Further recent data shows those effects increasing much faster than expected a few years ago. We may start seeing catastrophic results in as little as a decade – certainly within 20 or 30 years. In short global warming is our problem – not merely our grandchildren’s.


Tom Weisshappel 12.05.04 at 7:37 pm

Sad to say but 10 years might as well be 50 or 100 in the eyes of some of my fellow Americans.

I would guess that most business leaders’ vision extends out to 5 years at most. However, even this narrow vision is mainly focused on the next year or next quarter.

Politicians are only concerned if something will come back to bite them before they come up for re-election (OK – maybe I’m over-generalizing on that one but it seems to hold true more often than not). Given that the longest term in U.S. government is 6 years (for senators), it seems unlikely that any solution will be put forward by U.S. political leaders anytime soon.

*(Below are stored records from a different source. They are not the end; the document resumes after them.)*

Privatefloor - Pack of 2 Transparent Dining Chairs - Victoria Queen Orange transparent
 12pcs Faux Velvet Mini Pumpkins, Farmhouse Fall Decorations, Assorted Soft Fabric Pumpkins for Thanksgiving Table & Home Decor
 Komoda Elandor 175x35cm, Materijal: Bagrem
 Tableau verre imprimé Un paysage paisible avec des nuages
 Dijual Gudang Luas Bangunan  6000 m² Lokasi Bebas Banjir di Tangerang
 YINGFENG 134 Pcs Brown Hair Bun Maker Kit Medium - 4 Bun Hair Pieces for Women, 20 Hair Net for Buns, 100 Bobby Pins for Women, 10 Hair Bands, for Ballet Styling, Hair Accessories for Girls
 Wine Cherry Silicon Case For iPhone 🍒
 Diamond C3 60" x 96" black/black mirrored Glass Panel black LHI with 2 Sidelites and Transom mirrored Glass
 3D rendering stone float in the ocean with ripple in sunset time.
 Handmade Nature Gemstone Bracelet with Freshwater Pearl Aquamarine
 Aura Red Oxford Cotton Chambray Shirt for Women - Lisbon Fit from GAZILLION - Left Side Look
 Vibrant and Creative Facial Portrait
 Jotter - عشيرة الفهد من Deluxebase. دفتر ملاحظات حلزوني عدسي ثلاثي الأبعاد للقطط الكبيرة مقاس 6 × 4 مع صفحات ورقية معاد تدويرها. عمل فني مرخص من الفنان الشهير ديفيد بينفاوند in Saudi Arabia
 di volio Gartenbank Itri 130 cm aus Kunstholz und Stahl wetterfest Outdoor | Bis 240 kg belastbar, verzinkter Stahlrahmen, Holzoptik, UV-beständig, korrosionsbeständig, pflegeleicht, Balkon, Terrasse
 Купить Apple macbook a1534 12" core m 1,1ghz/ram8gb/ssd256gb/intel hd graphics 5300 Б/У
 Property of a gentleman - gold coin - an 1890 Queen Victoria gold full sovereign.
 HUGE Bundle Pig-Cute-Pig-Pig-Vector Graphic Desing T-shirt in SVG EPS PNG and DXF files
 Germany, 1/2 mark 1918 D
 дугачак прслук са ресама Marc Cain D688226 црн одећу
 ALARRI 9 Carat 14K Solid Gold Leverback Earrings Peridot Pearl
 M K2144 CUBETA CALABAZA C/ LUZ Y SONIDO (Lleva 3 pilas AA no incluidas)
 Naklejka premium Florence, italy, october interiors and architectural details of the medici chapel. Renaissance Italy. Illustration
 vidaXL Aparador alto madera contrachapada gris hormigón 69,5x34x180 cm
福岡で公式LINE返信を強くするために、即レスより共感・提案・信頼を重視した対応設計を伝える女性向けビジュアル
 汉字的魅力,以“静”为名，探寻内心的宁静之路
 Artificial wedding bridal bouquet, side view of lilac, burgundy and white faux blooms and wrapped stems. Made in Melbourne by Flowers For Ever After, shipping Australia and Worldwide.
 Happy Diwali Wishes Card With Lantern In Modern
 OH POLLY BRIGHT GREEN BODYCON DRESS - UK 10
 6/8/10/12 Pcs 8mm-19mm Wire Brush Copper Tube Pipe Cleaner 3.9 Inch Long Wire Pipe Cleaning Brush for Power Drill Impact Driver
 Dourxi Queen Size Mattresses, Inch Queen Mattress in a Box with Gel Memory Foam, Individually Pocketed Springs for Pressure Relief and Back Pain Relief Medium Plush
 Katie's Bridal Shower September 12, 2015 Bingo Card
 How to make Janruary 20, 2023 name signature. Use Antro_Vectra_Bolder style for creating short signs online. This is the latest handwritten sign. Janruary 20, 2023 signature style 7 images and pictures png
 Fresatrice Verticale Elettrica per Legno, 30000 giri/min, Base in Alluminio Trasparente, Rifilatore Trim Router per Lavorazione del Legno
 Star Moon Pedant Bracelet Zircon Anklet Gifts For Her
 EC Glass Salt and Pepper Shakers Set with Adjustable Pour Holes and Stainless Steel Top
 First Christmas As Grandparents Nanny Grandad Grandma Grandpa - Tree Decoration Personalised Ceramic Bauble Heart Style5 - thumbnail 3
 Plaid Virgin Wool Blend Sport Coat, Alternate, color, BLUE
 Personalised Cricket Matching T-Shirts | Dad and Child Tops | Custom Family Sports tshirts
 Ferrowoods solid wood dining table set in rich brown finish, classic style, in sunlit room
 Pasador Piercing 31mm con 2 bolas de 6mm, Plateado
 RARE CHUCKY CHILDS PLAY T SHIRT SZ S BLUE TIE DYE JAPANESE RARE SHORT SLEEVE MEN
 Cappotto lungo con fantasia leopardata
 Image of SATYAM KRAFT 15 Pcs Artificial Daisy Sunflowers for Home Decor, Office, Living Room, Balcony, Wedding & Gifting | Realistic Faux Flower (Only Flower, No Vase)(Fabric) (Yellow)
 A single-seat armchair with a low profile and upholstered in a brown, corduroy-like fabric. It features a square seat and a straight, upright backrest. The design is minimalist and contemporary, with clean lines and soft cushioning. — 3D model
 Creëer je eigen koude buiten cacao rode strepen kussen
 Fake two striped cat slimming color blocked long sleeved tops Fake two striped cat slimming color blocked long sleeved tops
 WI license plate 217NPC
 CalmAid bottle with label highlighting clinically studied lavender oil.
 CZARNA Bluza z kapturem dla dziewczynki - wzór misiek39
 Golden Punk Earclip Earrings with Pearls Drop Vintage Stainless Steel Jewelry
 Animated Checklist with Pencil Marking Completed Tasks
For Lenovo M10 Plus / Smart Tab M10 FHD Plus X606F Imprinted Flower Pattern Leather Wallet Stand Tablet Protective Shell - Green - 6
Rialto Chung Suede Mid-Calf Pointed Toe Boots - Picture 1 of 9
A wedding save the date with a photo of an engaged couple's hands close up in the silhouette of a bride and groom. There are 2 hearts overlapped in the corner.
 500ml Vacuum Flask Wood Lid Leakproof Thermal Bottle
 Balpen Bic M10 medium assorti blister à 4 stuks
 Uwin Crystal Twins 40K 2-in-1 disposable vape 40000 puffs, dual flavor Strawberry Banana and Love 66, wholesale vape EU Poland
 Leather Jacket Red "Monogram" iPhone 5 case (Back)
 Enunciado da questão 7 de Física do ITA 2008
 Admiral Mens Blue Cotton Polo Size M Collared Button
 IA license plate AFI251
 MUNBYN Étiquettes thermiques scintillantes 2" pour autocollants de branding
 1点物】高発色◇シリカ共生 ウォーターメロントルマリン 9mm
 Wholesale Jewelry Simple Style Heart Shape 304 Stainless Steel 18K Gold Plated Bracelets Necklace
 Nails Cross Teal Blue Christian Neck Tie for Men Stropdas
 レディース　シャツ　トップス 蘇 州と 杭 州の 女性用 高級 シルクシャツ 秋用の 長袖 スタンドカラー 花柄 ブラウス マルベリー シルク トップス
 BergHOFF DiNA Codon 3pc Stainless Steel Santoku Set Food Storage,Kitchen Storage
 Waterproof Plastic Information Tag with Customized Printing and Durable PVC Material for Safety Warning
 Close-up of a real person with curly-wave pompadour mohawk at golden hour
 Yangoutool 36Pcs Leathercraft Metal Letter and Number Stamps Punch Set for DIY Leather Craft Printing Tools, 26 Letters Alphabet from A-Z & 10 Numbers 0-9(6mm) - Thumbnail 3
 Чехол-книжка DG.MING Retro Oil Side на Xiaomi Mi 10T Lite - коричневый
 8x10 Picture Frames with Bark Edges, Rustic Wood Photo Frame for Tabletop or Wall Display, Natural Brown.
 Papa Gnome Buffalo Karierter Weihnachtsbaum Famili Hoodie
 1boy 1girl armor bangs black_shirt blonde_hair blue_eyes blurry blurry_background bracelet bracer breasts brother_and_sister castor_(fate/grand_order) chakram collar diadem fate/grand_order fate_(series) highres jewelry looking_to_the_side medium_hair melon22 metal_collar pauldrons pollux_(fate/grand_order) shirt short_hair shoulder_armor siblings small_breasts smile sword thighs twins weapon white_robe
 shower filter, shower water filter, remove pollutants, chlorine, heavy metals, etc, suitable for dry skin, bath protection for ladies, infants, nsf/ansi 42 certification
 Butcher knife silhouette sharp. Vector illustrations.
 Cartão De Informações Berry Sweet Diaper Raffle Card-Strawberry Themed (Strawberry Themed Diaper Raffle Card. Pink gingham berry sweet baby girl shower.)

I think, in the end, it’s up to each of us to do our part. We need to continue to build our own awareness and let our actions flow accordingly. As small and insignificant as it may seem, what we do is really the only thing we have control of. And if enough of us do it, we can do more than any politician or business could ever hope to do.


Strange Doctrines 12.05.04 at 7:58 pm

Very nice job. I think they might have some work for you over at the CSC as well.